Meeting report

Meeting report as a Google doc: https://docs.google.com/document/pub?id=1Vp0LuJUbfMzv4dSP82wZx4rSdGx-XworwhNT6tBTTns
A PDF version of the meeting report is attached to this page.

Report from RTC-Web Workshop

Mountain View, October 6, 2010

Executive summary

Extending the browser with functionality that allows interactive audio and video directly between users is an idea that has great value.
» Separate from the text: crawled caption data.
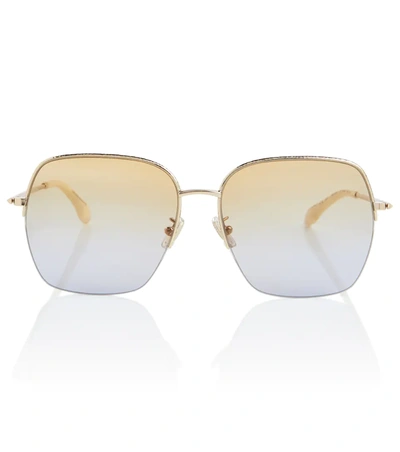 Victoria Beckham Oversized Square-frame Sunglasses In Gold/ Honey Purple Gradient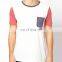 contrast color o neck custom pocket tshirt pattern
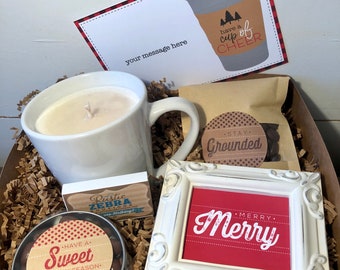 Christmas Coffee Gift Box, Coworker Christmas Gift, Best Holiday Gifts For Her, Jingle Basket For Her, Coffee Candle Gift Box, Burr Basket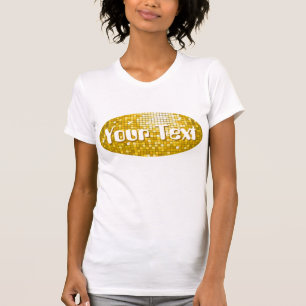Camiseta Azulejos Disco "Dourado" 'Seu Texto', senhoras bra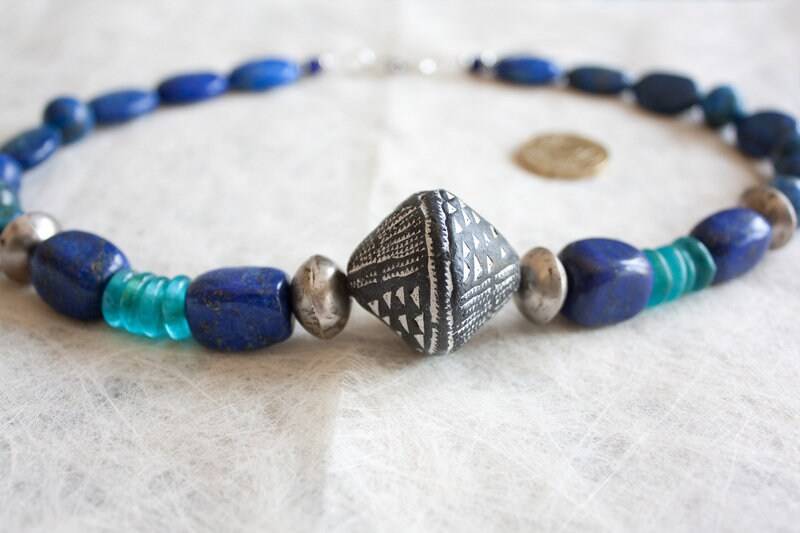 African Tradebeads Kette Saharanacht - Lapis Lazuli Tuareg von AfricanTradebeadsAT
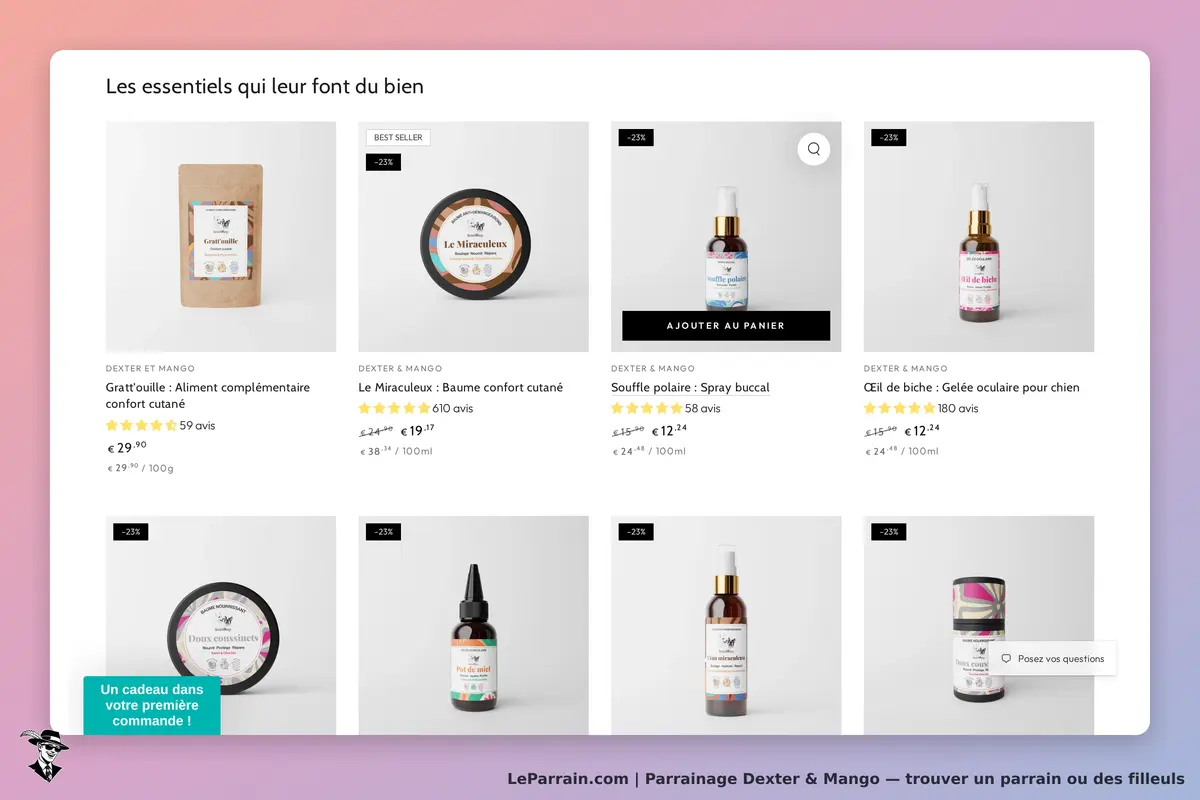 Dexter & Mango : produits de soin pour animaux avec évaluations et options d'ajout au panier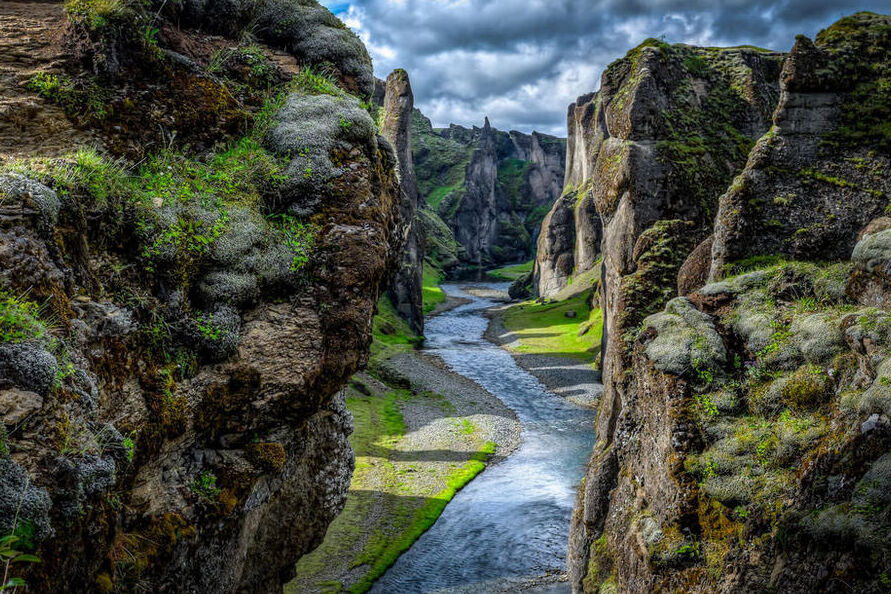 Fjaðrárgljúfur is a magnificent and massive canyon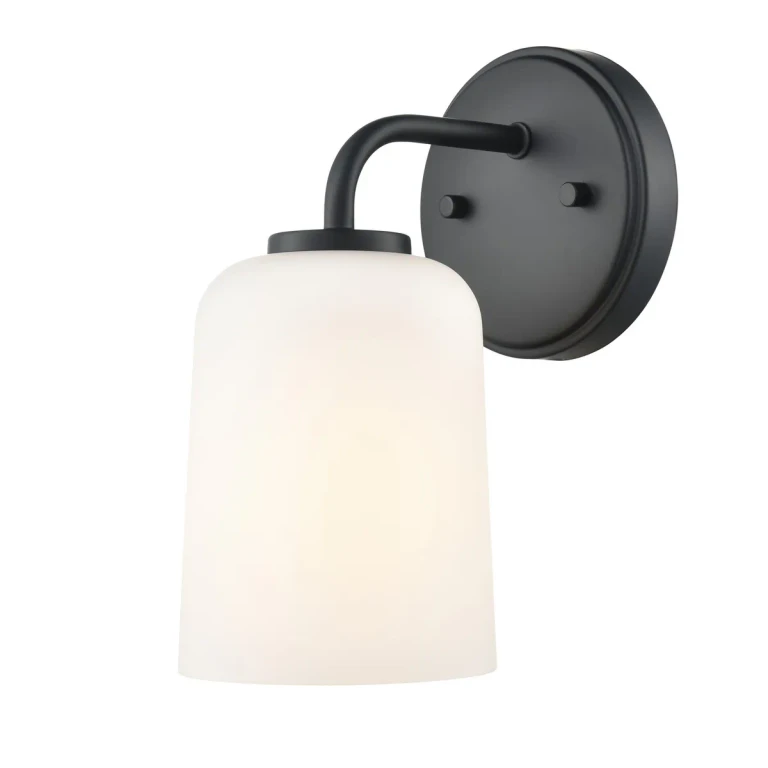 Matte Black Bathroom Vanity Light from the Laphia Collection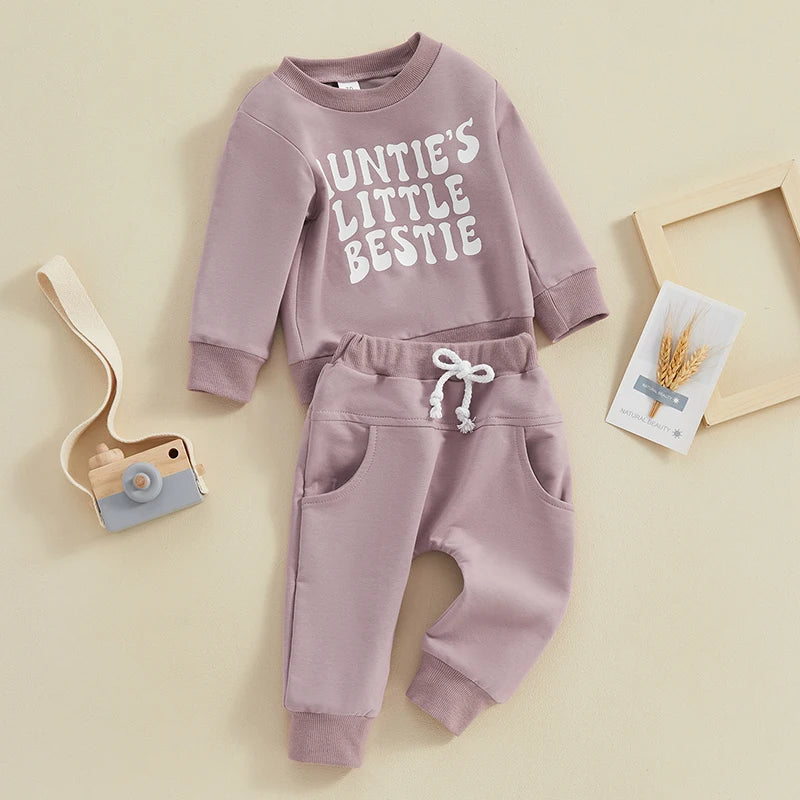 Baby Toddler Boys Girls 2Pcs Auntie's Little Bestie Set Letter Print Long Sleeve Pullover Top Pants Fall Winter Outfit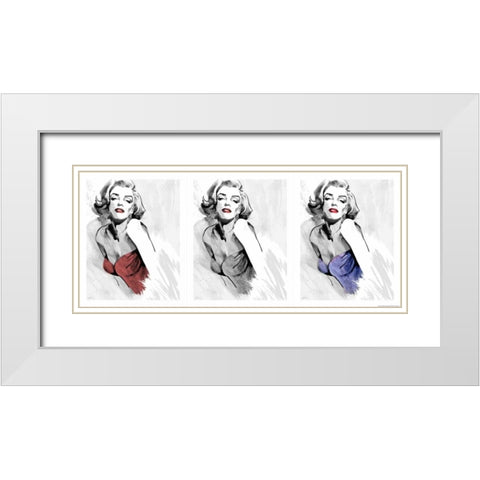 Three Faces Of Marilyn White Modern Wood Framed Art Print with Double Matting by Rahim, Ellie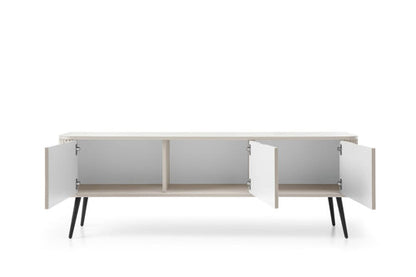 Modern sideboard with open doors on a white background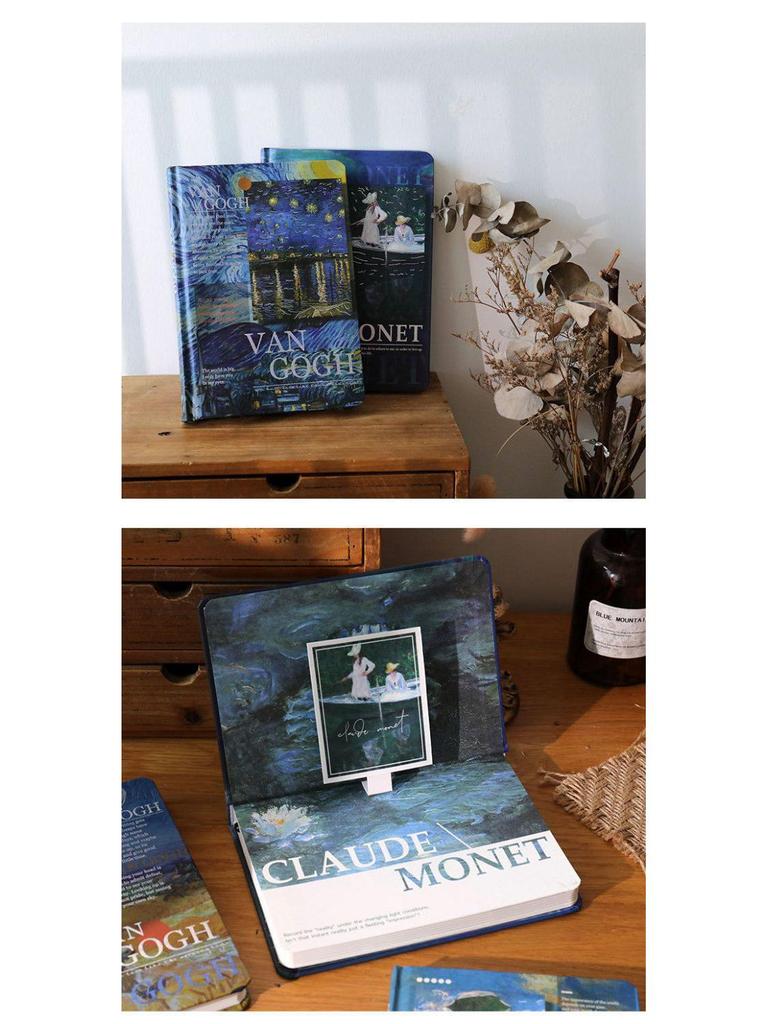 Caiet Pictură în Ulei Peisaj Van Gogh: Suvenir literar, retro, colorat pentru studenți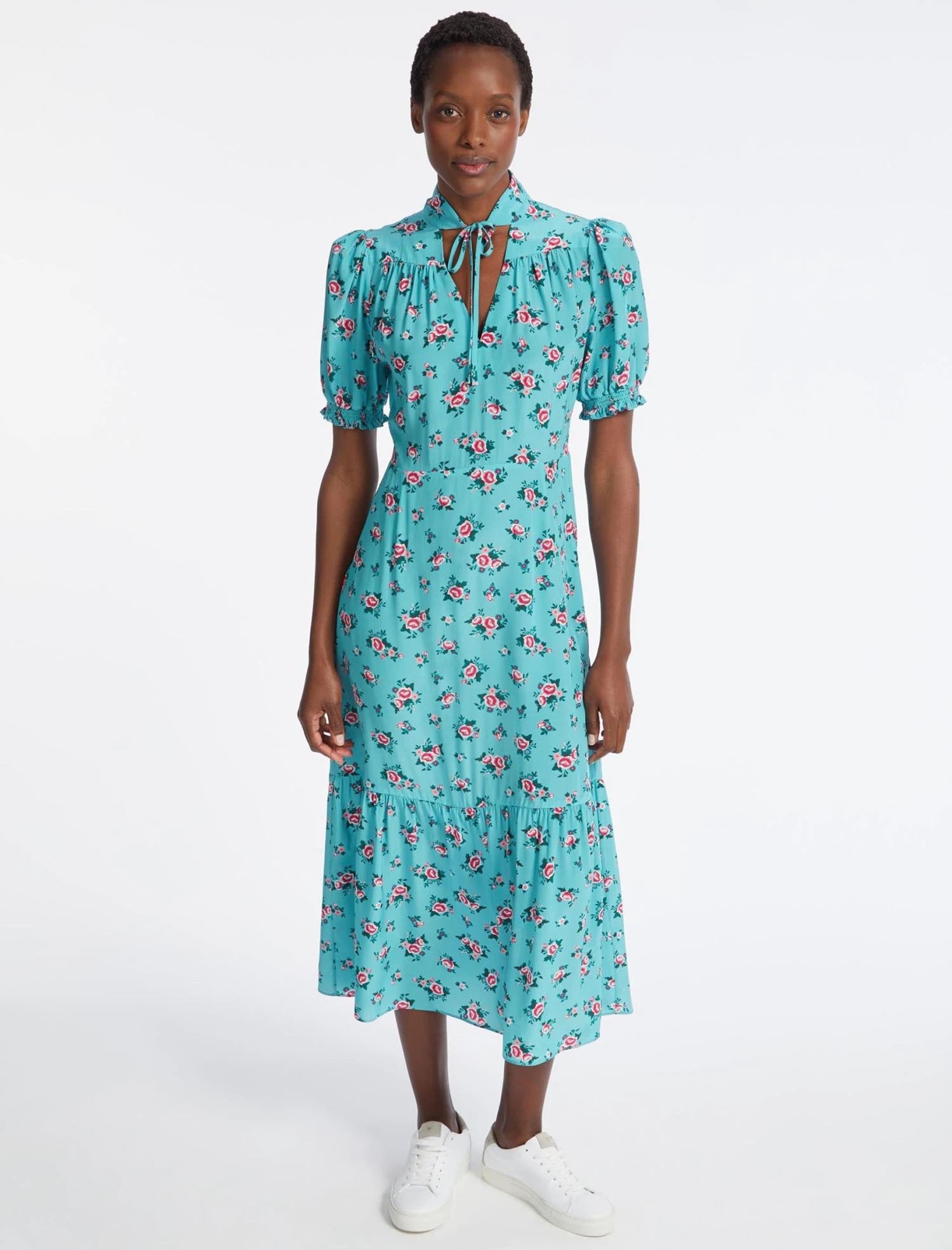 Rebecca Silk Midi Dress - Mint Posy Print 5 Rebecca Silk Midi Dress - Mint Posy Print - Image 3
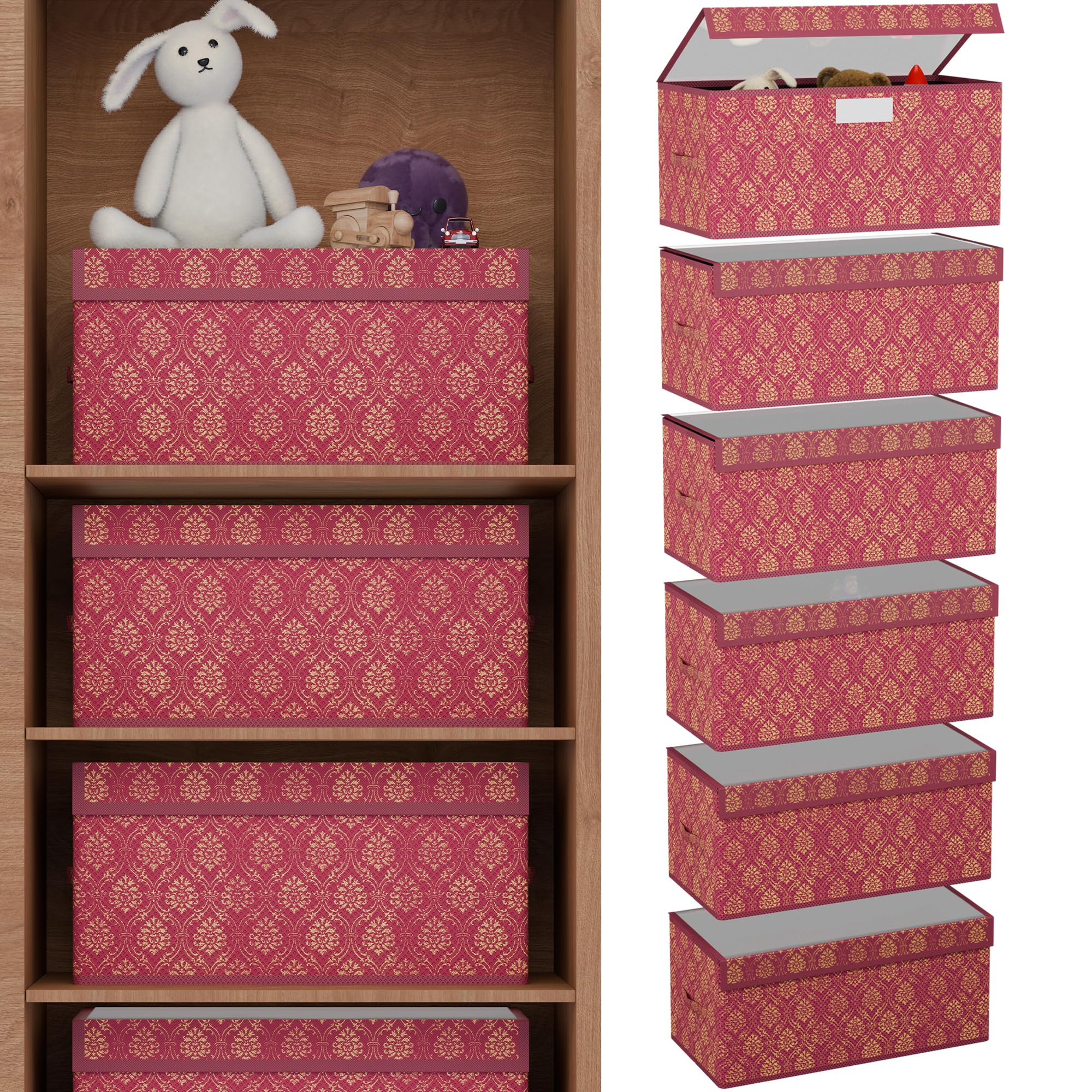 Kuber Industries 6 Pcs Storage Box with Transparent Lid | Closet Organizers for Toys & Book Storage | Foldable Almirah Dress Organizer | Cupboard/Wardrobe Organiser | Medium - Printed | Maroon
It is also possible to do.
All present agree that a standardized platform of APIs and protocols, that allows applications running in a Web page in one browser to communicate using audio and video with another application running in another browser, will greatly facilitate the development and deployment of such applications.
We will work together to try to define and realize such a platform.

Workshop goals

The goal of the workshop was to start the discussion among a (relatively) small set of key actors in the industry to see if it was possible to reach agreement on whether building a standardized platform for real time collaboration in the browser was a Good Thing, and if it was possible to reach some common understanding of what properties such a platform needed to have to be useful.
The workshop did not have as a goal to reach any decisions about what the standards should be; this is an exercise best left to work in existing standards organizations.

Workshop participants

The participants came from across the industry; Microsoft, Apple, Google, Skype, Mozilla, Intel, IBM, Ericsson, Cisco, Opera and Logitech were among those represented.
  1. Bernard Aboba, Microsoft
  2. Harald Alvestrand, Google
  3. Francois Audet, Skype
  4. Richard Barnes, BBN
  5. Adam Barth, Google
  6. Christopher Blizzard, Mozilla
  7. Chris Cavigioli, Intel
  8. Alissa Cooper, CDT
  9. Jeremy Doig, Google
  10. Lisa Dusseault, Linden Lab
  11. Niklas Enbom, GIPS
  12. Ian Fette, Google
  13. Pat Galvin, IBM
  14. Roar Hagen
  15. Stefan Håkansson, Ericsson
  16. Tom Harper, Logitech
  17. Ian Hickson, Google
  18. Magnus Hiie, Skype
  19. Joe Hildebrand, Cisco/Webex
  20. Markus Isomaki, Nokia
  21. Philip Jägenstedt, Opera
  22. Cullen Jennings, Cisco
  23. Matthew Kaufman, Skype
  24. Piotr Kessler, Ericsson
  25. Bastiaan Kleijn, GIPS
  26. Serge Lachapelle, Google
  27. Philippe Le Hegaret, W3C
  28. Rian Liebenberg, Google
  29. Jan Linden, GIPS
  30. Henrik Lundin, GIPS
  31. John Luther, Google
  32. Debargha Mukherjee, Google
  33. Mark Nottingham, Yahoo!
  34. Jon Peterson, Neustar
  35. Hubert Przybysz, Ericsson
  36. Eric Rescorla, Skype
  37. Aron Rosenberg, Logitech
  38. Jonathan Rosenberg, Skype
  39. Umesh Shah, Intel
  40. Jonas Sicking, Mozilla
  41. David Singer, Apple
  42. Tim Terriberry, Mozilla
  43. Hannes Tschofenig, Nokia-Siemens
  44. Justin Uberti, Google
  45. Jean-Marc Valin, Octasic
  46. Koen Vos, Skype
  47. Richard Winterton, Intel


Workshop format and discussions

Before the workshop, most of the participants sent in short papers to stimulate the participants’ thinking. These papers are all available at http://rtc-web.alvestrand.com/papers and were made available to participants prior to the meeting.
At the workshop itself, some participants were invited to introduce various topics; see http://rtc-web.alvestrand.com/slides for the slideware they used (if any), and the group then spent most of the time in a free-form discussion, followed by a short summary at the end.

Workshop conclusions

Scope of work

The scope of work is real time client-to-client communication between apps running in browsers - using audio and video, but not necessarily limited to those media formats. The media exchange may, but need not, be mediated via a server (servers usually imply a huge latency cost, from the time it takes to get there and back).
Interworking with non-browser devices is of interest, but only if the non-browser device supports a compatible protocol set - this will, at minimum, involve use of STUN for connection establishment (see “security” below).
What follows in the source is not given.